若者たちに、平和で暮らしよい日本を残してあげたい。それが私の唯一の望みなのです。
こんな私を喜ばせる本が東京新聞に紹介されていました。
市民エネルギーと地域主権
新潟「おらって」10年の挑戦
佐々木寛著 大槻書店 1980円
(以下東京新聞 国策に風穴「私たちの手に」高橋真樹氏の書評より)
「福島第1原発事故をきっかけに、(新潟県で)市民によるエネルギー自治の取り組みが始まった。

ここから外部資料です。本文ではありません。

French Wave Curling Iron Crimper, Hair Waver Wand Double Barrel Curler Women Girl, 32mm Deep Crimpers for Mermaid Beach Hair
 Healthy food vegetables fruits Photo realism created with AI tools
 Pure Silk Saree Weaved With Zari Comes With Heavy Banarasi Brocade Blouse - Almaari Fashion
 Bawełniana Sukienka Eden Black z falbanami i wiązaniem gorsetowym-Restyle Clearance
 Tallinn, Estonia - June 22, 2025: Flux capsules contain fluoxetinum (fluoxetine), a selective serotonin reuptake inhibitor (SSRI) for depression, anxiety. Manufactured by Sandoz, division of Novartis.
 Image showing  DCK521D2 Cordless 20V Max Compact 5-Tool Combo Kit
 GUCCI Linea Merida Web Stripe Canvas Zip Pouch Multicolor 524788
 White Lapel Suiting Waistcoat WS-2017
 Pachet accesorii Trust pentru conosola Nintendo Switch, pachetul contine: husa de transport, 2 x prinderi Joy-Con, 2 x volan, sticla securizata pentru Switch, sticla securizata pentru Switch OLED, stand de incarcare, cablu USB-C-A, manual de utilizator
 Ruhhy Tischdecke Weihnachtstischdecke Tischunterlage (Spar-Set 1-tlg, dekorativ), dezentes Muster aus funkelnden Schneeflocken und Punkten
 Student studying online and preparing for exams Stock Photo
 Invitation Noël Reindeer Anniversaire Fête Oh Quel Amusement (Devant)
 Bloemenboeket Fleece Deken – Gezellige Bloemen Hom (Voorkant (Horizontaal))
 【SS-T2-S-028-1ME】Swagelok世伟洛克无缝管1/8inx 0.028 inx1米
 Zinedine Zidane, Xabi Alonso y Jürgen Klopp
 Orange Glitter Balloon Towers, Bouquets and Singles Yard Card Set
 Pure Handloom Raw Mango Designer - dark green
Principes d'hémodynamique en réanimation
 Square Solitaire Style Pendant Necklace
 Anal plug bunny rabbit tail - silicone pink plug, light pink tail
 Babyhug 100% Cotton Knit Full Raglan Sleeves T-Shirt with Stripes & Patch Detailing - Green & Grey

「一般社団法人おらってにいがた市民エネルギー協議会」を設立。10年で県内に合計で約40カ所の低圧太陽光発電所を設置し、現在は小水力発電所も計画中だ。
―中略―
欧州では20世紀後半から、市民エネルギー事業への参加を通じて、地域の主体性を取り戻す動きが盛んになった。それを「エネルギー・デモクラシー」と呼ぶ。エネルギー事業に関わる事は、単にどれだけ発電できるかという話ではない。中央集権的で市民にはブラックボックスとなっていたエネルギー事業に風穴を開け、地域の主権を自らつかみ取る手段である。
日本では福島の事故を受けて、「ご当地エネルギー」と呼ばれる「おらって」のような組織が全国で続々と設立された。」
そうだったのですね。この嬉しい市民活動について、寡聞な私は10年間も知りませんでした。私のようなものでも気付くように、マスコミでもっとこの事を報道してほしかったです。
マスコミがあまり力を入れなかったのは、大手電力会社に忖度したのでしょうか?
日本にもしっかり「エネルギー・デモクラシー」が始まっていたのですね。
悪いニュースばかりで暗くなっていた心の中に、微かですが希望の光が見えてきました。
日本人が心を一つにして、もっと、いろんなデモクラシーが日本各地に沸き起こりますように!